BEGIN Data records
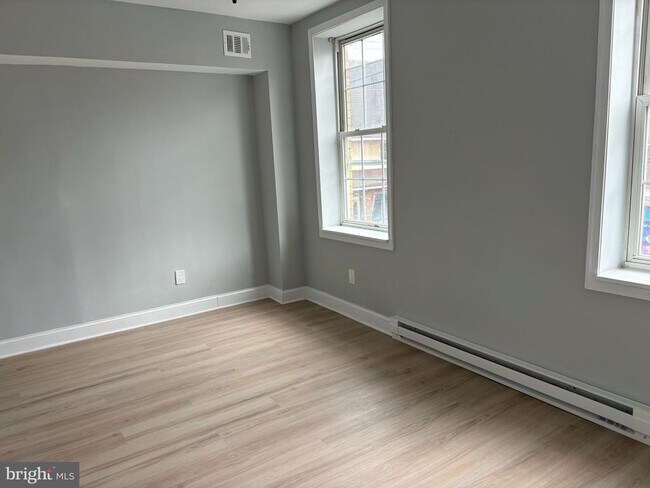 Foto del edificio - 1535 S 10th St
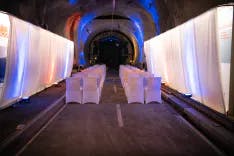Stühle mit weissen Hussen für eine Hochzeitszeremonie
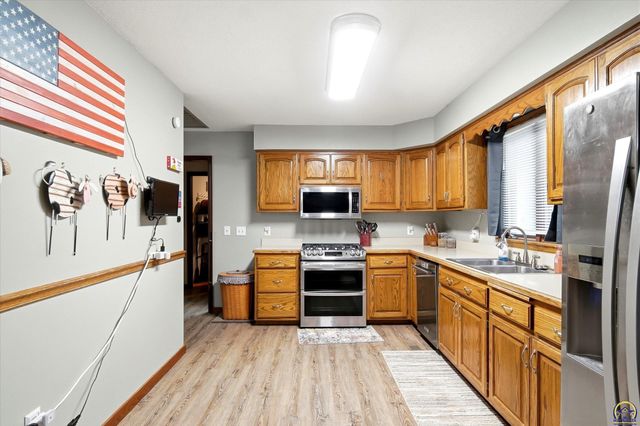 3600 NW 44th Ter, Topeka, KS 66618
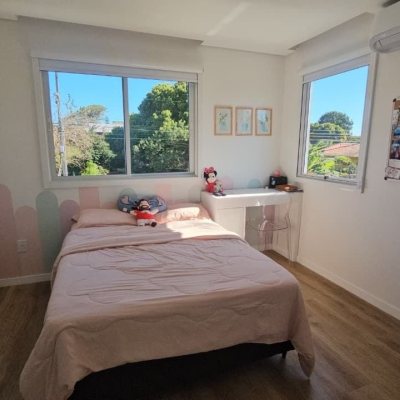 Casa Residencial com 234m², 4 quartos (sendo 2 suítes), 2 garagens, no bairro Campeche em Florianópolis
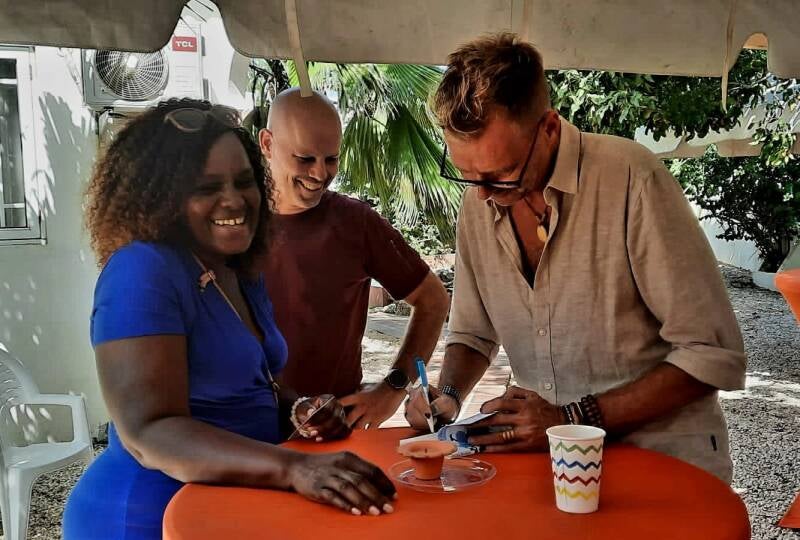 Wilco Harbers Bonaire Uitgeverij Palmslag Dansen naar de ochtend dichtbundel gedichten gedichtenbundel liefde rouw hospice Kas Flamboyan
END Data records
_What to do_: The answer is the run of lines from the one with "Stühle mit weissen" through the final line of the data, copied exactly, and nothing else; no pictures.

_Answer to this problem_:
Stühle mit weissen Hussen für eine Hochzeitszeremonie
 3600 NW 44th Ter, Topeka, KS 66618
 Casa Residencial com 234m², 4 quartos (sendo 2 suítes), 2 garagens, no bairro Campeche em Florianópolis
 Wilco Harbers Bonaire Uitgeverij Palmslag Dansen naar de ochtend dichtbundel gedichten gedichtenbundel liefde rouw hospice Kas Flamboyan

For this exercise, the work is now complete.